Till then, I would go with simple logic, which says had there been a cap on the number of IITs, quality could have been ensured. It does not take a rocket scientist to arrive at that conclusion, right?
I am sure Narayana Murthy spoke along the same lines, but trusting the habit of our television reporters and anchors, the poor man’s lines got blurred somewhere along the way.
So, am I saying we should stop opening more top-notch institutes? Heck, no. What I am saying is, do not expect the same quality unless the infrastructure is in place, which, mind you, takes time. And do not treat every door with similar address tags as the same holy cow. Be they the IITs, off-campus colleges, franchises of schools such as DPS, Modern School et al, the art colleges, or any other institution.
Heart within heart, we know they cannot produce the same quality as the ‘original’ institutions. But they are such revered institutions that it’s tough to acknowledge that fact.
So yes, the quality is down; and no, there’s nothing to be ashamed of in admitting that. That’s part of Murthy’s argument that prompted Chetan Bhagat to take potshots with his garbled use of metaphors at “Body Shop Inc”, isn’t it?
Now, I have not attended any coaching class to take the Joint Entrance Examinations (heck, I have never studied under a private tutor in my whole life, forget about attending a coaching class/institution), and neither did I ever want to become an engineer (don’t get me wrong; I know they are the mechanics behind every other thing — material or otherwise — we consumers buy in our daily, consumerist life in consumerist society, and much more). So, I am not certain what those coaching classes teach and preach, and whether they end up diluting the standards, as Narayana Murthy purportedly said.

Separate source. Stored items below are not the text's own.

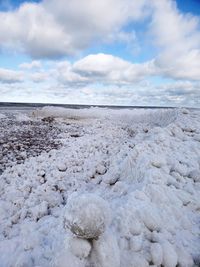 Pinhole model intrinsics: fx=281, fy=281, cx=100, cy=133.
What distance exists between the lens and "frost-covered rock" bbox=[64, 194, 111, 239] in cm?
226

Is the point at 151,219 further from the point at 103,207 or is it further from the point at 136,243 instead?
the point at 103,207

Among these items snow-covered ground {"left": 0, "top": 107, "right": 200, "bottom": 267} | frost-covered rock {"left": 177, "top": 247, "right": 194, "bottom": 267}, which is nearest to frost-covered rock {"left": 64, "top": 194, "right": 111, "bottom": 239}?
snow-covered ground {"left": 0, "top": 107, "right": 200, "bottom": 267}

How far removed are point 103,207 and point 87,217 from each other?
0.60 ft

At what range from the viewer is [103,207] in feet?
7.81

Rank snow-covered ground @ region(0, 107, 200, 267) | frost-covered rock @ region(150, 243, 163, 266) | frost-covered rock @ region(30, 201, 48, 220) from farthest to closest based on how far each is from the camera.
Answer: frost-covered rock @ region(30, 201, 48, 220), frost-covered rock @ region(150, 243, 163, 266), snow-covered ground @ region(0, 107, 200, 267)

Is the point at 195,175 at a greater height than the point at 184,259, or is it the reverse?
the point at 195,175

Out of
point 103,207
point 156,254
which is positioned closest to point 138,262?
point 156,254

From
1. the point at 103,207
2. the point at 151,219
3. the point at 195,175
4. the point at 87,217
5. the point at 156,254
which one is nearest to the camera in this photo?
the point at 87,217

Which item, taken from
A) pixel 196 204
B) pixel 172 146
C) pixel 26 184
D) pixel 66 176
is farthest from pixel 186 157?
pixel 26 184

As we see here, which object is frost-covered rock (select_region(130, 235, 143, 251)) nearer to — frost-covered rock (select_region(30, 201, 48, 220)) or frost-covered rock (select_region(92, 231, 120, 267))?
frost-covered rock (select_region(92, 231, 120, 267))

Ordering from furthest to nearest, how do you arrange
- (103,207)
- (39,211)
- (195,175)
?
(195,175), (39,211), (103,207)

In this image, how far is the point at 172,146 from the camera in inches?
197

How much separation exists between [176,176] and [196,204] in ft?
1.72

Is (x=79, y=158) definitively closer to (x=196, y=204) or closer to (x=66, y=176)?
(x=66, y=176) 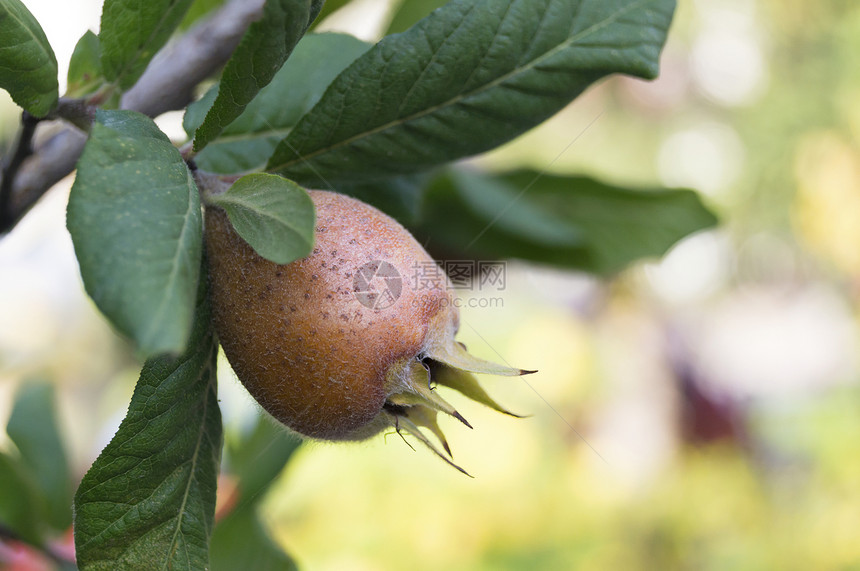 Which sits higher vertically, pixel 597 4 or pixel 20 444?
pixel 597 4

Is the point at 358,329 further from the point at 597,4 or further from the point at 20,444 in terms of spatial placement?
the point at 20,444

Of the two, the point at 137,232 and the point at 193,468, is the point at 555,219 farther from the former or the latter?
the point at 137,232

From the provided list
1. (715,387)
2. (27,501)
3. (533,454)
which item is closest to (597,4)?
(27,501)

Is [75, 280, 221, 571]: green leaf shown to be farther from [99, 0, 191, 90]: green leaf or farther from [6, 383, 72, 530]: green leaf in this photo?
[6, 383, 72, 530]: green leaf

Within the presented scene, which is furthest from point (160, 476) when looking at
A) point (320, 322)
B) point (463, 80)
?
point (463, 80)

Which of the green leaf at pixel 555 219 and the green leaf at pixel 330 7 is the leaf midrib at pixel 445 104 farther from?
the green leaf at pixel 555 219

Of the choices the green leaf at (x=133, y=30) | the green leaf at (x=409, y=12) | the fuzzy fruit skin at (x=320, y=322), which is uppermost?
the green leaf at (x=133, y=30)

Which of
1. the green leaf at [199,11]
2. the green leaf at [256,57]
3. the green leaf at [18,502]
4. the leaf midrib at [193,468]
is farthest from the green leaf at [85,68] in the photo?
the green leaf at [18,502]

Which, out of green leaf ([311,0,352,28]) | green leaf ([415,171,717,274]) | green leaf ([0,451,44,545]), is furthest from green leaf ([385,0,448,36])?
green leaf ([0,451,44,545]) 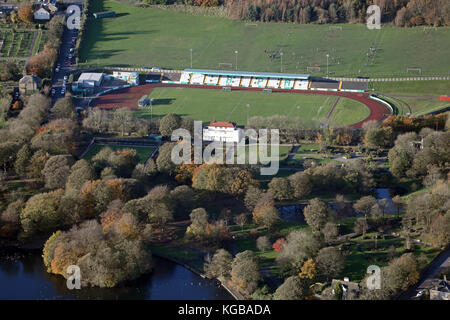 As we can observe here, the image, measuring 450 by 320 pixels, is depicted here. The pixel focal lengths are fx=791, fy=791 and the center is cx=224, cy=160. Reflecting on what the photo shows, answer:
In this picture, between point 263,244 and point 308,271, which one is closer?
point 308,271

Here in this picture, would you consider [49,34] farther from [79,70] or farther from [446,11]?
[446,11]

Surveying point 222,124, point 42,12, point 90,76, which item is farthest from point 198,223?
point 42,12

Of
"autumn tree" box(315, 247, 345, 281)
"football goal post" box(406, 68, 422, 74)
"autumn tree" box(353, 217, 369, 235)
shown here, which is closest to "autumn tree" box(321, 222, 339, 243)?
"autumn tree" box(353, 217, 369, 235)

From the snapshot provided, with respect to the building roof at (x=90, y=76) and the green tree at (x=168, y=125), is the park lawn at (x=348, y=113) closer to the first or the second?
the green tree at (x=168, y=125)

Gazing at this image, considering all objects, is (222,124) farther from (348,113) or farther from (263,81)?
(263,81)

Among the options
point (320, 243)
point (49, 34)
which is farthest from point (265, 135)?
point (49, 34)

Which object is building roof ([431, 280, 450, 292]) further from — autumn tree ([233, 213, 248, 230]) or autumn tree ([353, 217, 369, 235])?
autumn tree ([233, 213, 248, 230]) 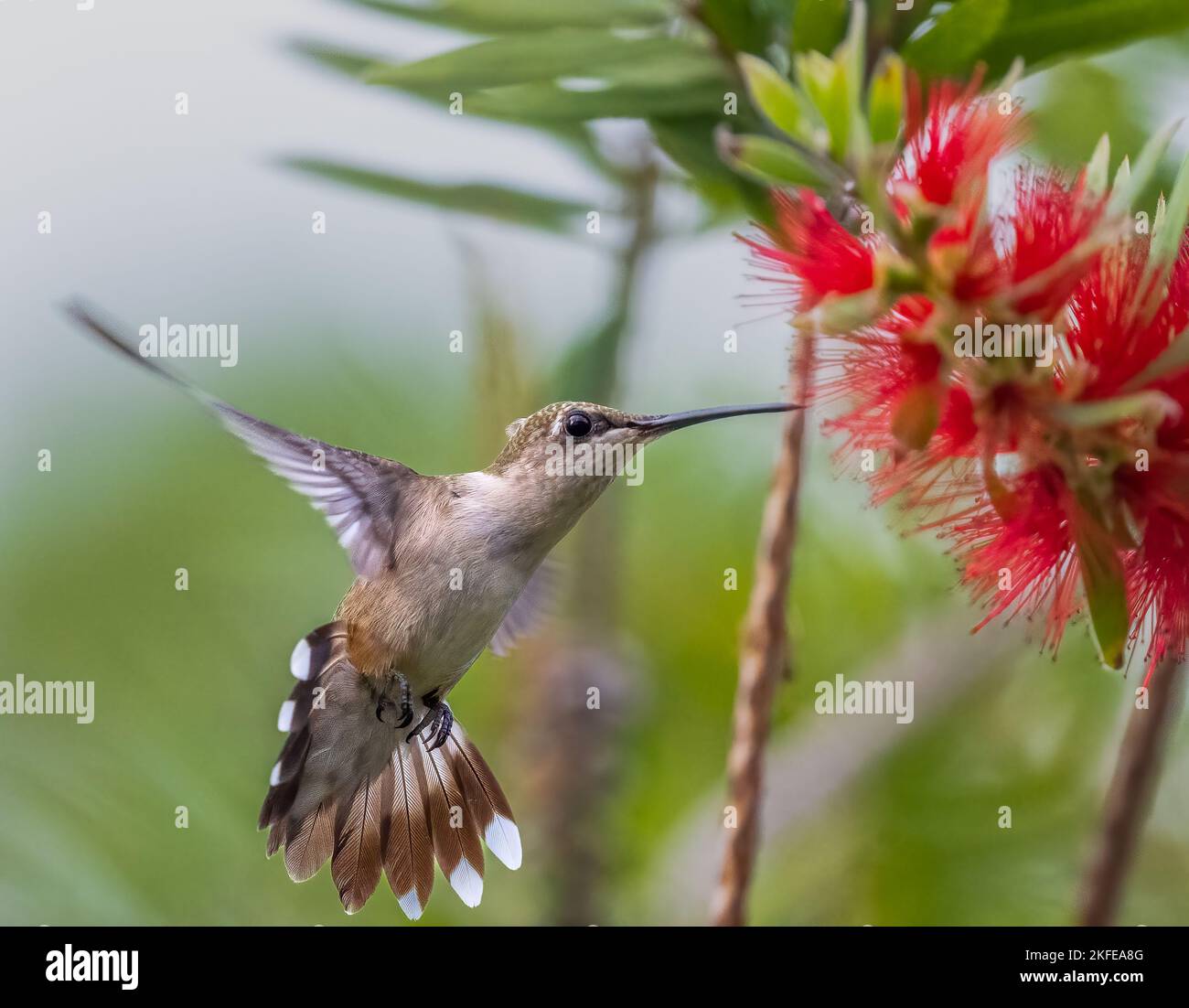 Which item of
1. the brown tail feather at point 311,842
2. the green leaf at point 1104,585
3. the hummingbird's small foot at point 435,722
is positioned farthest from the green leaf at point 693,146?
the brown tail feather at point 311,842

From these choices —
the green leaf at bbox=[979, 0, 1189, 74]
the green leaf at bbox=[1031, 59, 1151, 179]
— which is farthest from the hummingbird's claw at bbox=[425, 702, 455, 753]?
the green leaf at bbox=[1031, 59, 1151, 179]

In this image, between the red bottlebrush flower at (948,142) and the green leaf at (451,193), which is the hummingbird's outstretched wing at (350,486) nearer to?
the green leaf at (451,193)

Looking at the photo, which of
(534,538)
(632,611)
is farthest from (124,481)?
(534,538)

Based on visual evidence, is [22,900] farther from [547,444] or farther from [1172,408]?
[1172,408]

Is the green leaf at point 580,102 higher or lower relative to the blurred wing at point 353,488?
higher

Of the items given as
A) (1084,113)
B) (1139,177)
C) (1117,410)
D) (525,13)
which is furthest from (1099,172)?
(1084,113)

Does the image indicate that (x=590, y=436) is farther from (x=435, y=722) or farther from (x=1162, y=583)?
(x=1162, y=583)

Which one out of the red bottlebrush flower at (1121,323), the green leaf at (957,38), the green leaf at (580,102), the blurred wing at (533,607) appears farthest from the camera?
the blurred wing at (533,607) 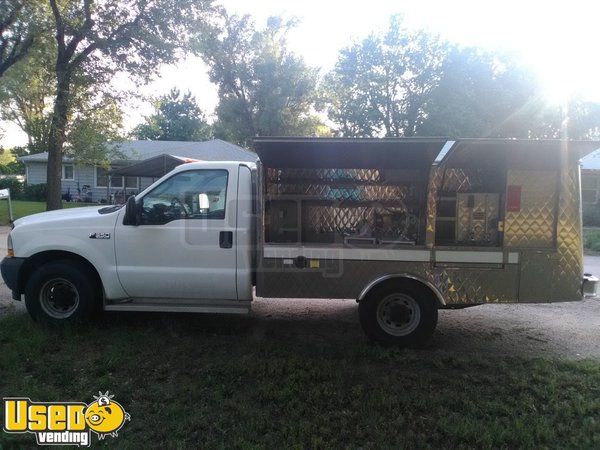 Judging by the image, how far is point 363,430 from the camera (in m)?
3.46

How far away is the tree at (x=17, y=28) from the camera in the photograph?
13.9m

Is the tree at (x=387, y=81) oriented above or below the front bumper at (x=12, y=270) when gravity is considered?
above

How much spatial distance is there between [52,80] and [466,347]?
53.9ft

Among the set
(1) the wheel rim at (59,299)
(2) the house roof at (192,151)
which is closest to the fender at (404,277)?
(1) the wheel rim at (59,299)

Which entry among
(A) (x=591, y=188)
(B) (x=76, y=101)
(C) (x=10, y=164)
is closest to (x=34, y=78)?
(B) (x=76, y=101)

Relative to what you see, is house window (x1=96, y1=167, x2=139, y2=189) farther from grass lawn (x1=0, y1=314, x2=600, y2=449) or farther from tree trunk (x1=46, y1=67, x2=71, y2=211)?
grass lawn (x1=0, y1=314, x2=600, y2=449)

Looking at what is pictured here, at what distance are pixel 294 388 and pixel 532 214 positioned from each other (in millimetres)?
3200

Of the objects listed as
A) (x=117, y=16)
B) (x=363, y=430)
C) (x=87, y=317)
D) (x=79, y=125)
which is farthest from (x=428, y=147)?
(x=79, y=125)

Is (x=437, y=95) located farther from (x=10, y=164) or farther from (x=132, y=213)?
(x=10, y=164)

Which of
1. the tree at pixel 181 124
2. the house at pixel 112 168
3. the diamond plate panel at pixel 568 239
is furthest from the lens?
the tree at pixel 181 124

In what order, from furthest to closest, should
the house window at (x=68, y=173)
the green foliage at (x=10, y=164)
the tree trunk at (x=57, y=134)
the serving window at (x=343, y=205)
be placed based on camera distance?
the green foliage at (x=10, y=164)
the house window at (x=68, y=173)
the tree trunk at (x=57, y=134)
the serving window at (x=343, y=205)

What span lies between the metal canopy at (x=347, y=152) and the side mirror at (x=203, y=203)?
2.62 feet

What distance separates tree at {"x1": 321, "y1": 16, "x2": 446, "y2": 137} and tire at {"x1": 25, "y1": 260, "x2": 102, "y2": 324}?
1128 inches

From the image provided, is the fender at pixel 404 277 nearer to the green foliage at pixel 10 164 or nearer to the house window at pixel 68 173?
the house window at pixel 68 173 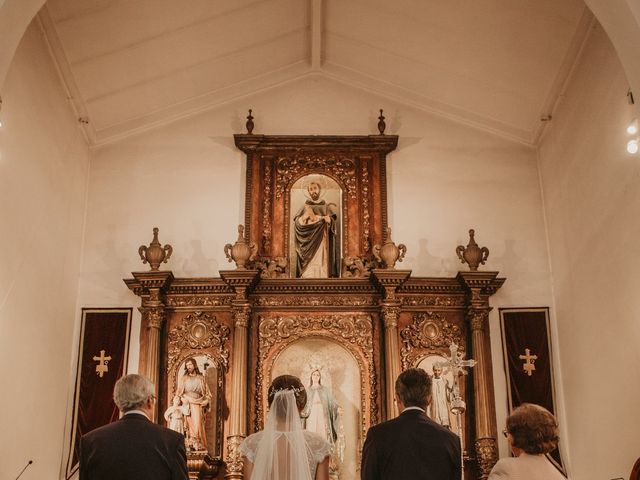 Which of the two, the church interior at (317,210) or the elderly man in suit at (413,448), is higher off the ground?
the church interior at (317,210)

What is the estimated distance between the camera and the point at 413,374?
183 inches

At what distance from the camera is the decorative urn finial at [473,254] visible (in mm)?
10320

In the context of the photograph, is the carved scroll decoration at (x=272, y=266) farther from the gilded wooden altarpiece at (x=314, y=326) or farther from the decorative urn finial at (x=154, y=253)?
the decorative urn finial at (x=154, y=253)

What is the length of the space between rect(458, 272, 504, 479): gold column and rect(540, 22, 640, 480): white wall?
34.3 inches

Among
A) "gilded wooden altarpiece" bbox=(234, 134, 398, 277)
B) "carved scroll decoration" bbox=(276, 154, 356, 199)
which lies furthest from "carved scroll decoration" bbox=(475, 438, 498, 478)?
"carved scroll decoration" bbox=(276, 154, 356, 199)

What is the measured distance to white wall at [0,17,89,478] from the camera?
8.42 metres

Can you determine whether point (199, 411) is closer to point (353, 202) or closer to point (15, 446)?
point (15, 446)

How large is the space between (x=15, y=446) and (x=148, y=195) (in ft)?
12.0

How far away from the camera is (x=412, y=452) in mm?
4527

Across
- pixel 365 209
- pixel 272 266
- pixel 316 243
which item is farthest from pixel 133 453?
pixel 365 209

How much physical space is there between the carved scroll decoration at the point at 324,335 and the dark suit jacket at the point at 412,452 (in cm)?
557

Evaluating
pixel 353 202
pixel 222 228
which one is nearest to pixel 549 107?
pixel 353 202

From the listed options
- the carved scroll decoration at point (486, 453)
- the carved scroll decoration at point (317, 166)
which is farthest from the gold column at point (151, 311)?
the carved scroll decoration at point (486, 453)

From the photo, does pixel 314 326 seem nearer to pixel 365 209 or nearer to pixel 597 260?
pixel 365 209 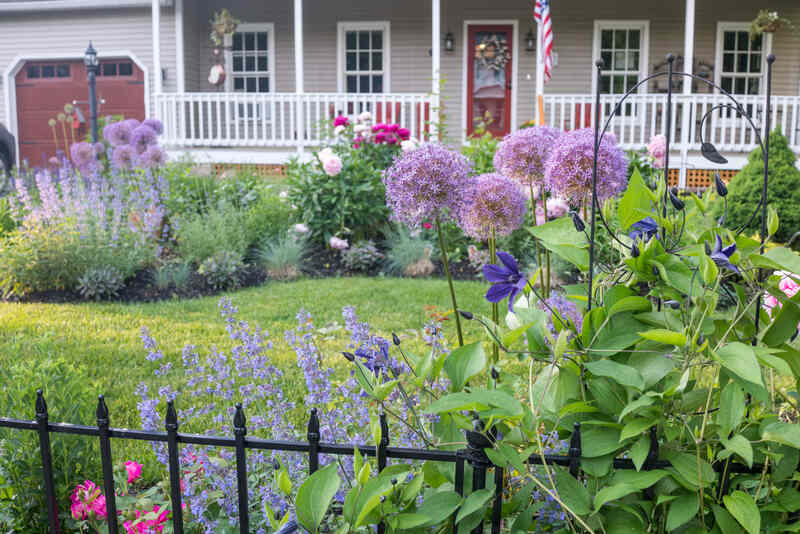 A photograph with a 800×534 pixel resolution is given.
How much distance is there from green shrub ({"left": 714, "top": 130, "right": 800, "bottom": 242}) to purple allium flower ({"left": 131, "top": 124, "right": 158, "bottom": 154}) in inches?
227

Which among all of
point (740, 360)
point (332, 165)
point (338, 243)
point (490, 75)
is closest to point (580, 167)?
point (740, 360)

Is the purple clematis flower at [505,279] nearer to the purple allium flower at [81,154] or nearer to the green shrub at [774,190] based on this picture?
the green shrub at [774,190]

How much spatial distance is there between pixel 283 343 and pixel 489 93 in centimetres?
884

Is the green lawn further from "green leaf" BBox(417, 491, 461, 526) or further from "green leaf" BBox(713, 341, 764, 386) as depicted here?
"green leaf" BBox(713, 341, 764, 386)

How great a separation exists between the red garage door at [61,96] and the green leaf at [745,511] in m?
13.4

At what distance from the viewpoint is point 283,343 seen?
437 centimetres

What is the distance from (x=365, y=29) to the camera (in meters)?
12.2

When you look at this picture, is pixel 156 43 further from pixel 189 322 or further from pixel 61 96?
pixel 189 322

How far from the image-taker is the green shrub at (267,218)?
279 inches

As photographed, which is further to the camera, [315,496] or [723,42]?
[723,42]

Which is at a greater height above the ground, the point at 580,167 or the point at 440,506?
the point at 580,167

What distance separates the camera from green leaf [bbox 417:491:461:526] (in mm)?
1350

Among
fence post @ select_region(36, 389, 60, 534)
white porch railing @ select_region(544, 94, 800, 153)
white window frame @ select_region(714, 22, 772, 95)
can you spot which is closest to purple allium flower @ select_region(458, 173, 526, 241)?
fence post @ select_region(36, 389, 60, 534)

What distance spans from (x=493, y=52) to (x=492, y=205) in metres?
10.7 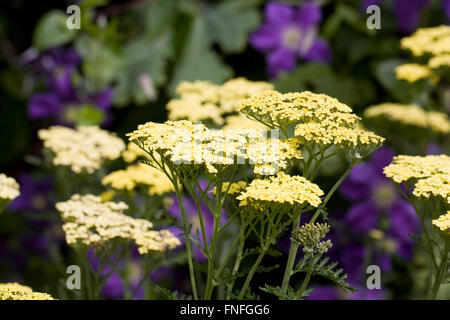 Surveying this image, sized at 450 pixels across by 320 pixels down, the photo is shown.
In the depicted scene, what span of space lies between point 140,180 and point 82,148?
9 centimetres

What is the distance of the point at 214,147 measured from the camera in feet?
1.66

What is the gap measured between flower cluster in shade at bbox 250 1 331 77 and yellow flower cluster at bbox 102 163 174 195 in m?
0.64

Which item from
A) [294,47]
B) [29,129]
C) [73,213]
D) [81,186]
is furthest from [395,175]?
[29,129]

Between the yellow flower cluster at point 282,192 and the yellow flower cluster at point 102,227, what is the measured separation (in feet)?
0.45

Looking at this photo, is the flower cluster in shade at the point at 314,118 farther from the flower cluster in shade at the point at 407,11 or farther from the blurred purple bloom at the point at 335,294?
the flower cluster in shade at the point at 407,11

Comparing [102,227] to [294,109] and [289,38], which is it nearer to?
[294,109]

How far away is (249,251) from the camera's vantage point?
57cm

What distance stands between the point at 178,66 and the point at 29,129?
42 centimetres

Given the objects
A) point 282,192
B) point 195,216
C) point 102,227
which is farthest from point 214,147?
point 195,216

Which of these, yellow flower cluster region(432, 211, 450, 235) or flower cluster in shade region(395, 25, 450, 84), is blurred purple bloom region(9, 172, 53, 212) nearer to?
flower cluster in shade region(395, 25, 450, 84)

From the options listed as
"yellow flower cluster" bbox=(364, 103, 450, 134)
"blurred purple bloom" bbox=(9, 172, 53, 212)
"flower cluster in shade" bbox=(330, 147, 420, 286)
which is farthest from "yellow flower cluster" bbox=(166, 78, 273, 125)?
"blurred purple bloom" bbox=(9, 172, 53, 212)

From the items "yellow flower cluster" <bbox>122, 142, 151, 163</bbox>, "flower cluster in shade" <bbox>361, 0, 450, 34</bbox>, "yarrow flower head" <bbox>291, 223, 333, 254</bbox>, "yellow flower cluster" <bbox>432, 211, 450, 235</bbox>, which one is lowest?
"yarrow flower head" <bbox>291, 223, 333, 254</bbox>

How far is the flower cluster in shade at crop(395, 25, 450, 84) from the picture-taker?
787mm

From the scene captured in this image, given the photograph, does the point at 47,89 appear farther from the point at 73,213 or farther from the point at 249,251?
the point at 249,251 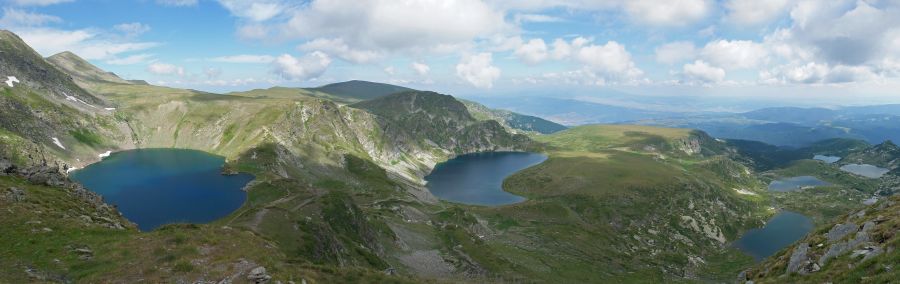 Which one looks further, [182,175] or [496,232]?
[182,175]

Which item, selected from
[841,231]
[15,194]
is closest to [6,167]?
[15,194]

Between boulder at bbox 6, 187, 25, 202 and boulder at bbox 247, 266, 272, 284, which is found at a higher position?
boulder at bbox 6, 187, 25, 202

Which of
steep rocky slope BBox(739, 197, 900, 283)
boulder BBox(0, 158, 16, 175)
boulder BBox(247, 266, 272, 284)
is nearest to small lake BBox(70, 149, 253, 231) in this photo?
boulder BBox(0, 158, 16, 175)

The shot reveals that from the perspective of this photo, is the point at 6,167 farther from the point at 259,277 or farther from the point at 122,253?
the point at 259,277

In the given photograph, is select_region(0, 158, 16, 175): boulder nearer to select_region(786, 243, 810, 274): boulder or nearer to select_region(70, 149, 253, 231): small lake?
select_region(70, 149, 253, 231): small lake

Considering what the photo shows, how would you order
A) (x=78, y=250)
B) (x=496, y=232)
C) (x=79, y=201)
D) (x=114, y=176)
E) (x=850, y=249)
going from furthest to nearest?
(x=114, y=176) < (x=496, y=232) < (x=79, y=201) < (x=78, y=250) < (x=850, y=249)

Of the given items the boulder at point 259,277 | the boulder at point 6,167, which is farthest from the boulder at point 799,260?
the boulder at point 6,167

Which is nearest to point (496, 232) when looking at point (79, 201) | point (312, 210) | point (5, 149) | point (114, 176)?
point (312, 210)

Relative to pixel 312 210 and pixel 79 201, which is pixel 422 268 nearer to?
pixel 312 210

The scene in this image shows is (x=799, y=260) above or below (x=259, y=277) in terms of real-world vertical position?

But coaching classes sure do eat into a student’s faculty to use her/his imagination and brain in the quest for knowledge, thanks to their preference for learning by rote and limiting education to question-answer sessions. As fellow Howzziter Sowgandhika Krishnan wrote IIT Quality Debate: Saying Federer’s Form Dipping Doesn’t Mean he is a Bad Player, we need to delve deeper than just the IITs and make this a bigger debate about our overall education.
While I do not necessarily agree with Sowgandhika’s point, just as an example, that the grasp of English language that our parents’ generation was better because they were taught Shakespeare and other classical writers (if you ask me, Shakespeare is redundant and irrelevant in the language we speak and write in!; but that’s irrelevant here), I agree to the T when she says we need to ask ourselves whether our curriculum has been dumbed down.
We also need to ask whether doing away with Board examinations, as Kapil Sibal’s brilliant brainwave has ensured to a large extent, is the right way to ram education down the throats of our students. I believe taking away the tension and competitive spirit of the Board exams, which pit you against a much wider set of students of your age and calibre, will only lead to further dependence on coaching classes and learning by rote later, when these students attempt to crack exams for higher education — not necessarily the IITs but even institutions of social science, management, classical education, art and humanities.
And let us start tapping those faculties in a young mind right from the senior school level, before coaching classes belt out mass-produced specimens like Chetan Bhagat, with little idea of who they are and what they want.